## What this task involves
Below is a listing; restate from it, character for character, the lines beginning at the line holding "view of water feature with a beach view" and ending at the line holding "Pressure Point Roofing", both included.

## Records for the exercise
+++
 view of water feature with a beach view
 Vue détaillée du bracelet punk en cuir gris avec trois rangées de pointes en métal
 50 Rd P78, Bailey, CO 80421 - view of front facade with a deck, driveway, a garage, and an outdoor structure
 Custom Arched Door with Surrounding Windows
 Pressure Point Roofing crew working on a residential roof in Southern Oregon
+++
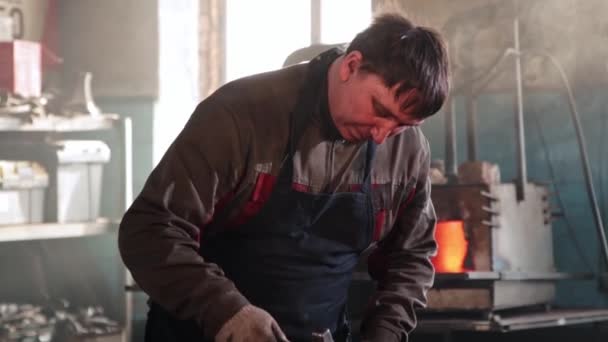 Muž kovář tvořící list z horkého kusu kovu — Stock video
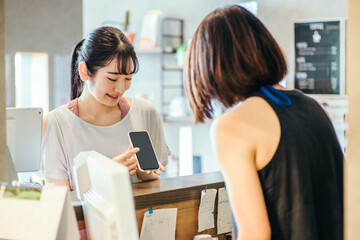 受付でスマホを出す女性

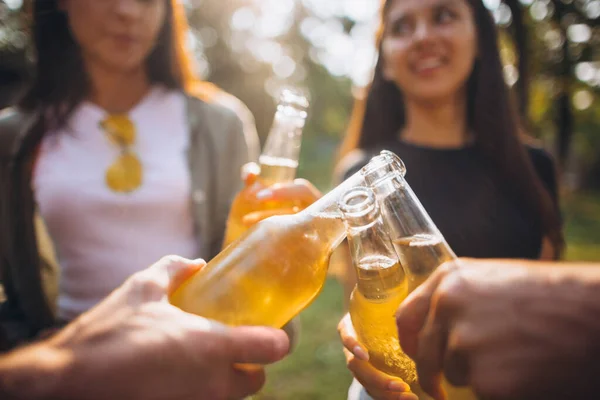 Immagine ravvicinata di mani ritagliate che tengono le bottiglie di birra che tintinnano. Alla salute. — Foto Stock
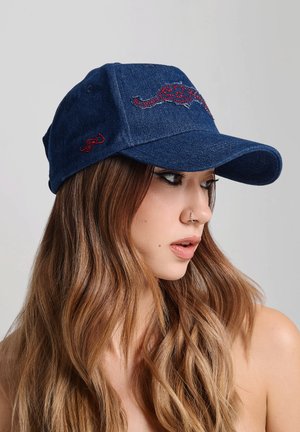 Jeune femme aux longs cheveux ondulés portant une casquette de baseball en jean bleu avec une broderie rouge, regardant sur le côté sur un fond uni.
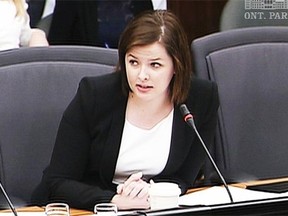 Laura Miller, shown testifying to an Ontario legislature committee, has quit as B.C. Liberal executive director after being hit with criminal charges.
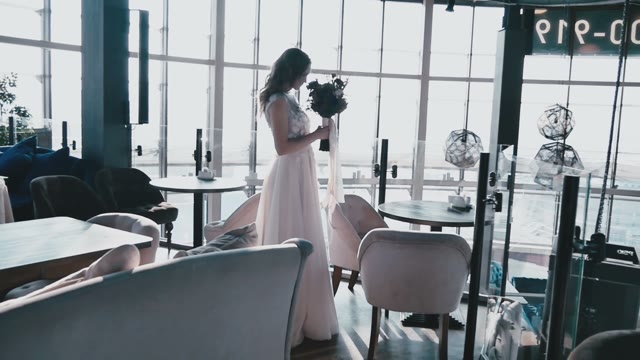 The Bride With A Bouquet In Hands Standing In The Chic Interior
+++
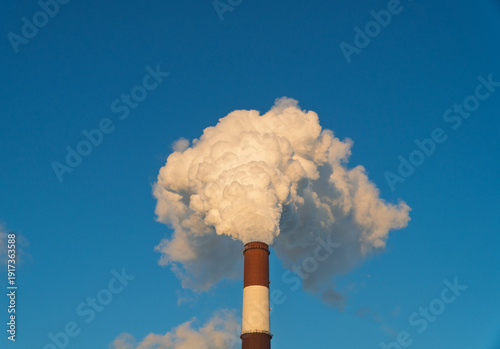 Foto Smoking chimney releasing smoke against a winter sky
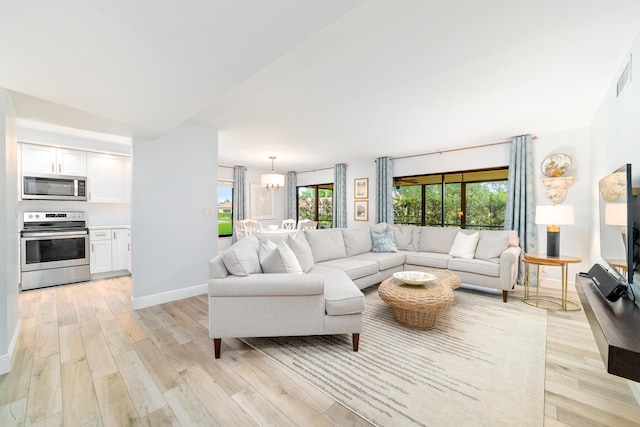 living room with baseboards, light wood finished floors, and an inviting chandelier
+++
## Your solution
 view of water feature with a beach view
 Vue détaillée du bracelet punk en cuir gris avec trois rangées de pointes en métal
 50 Rd P78, Bailey, CO 80421 - view of front facade with a deck, driveway, a garage, and an outdoor structure
 Custom Arched Door with Surrounding Windows
 Pressure Point Roofing crew working on a residential roof in Southern Oregon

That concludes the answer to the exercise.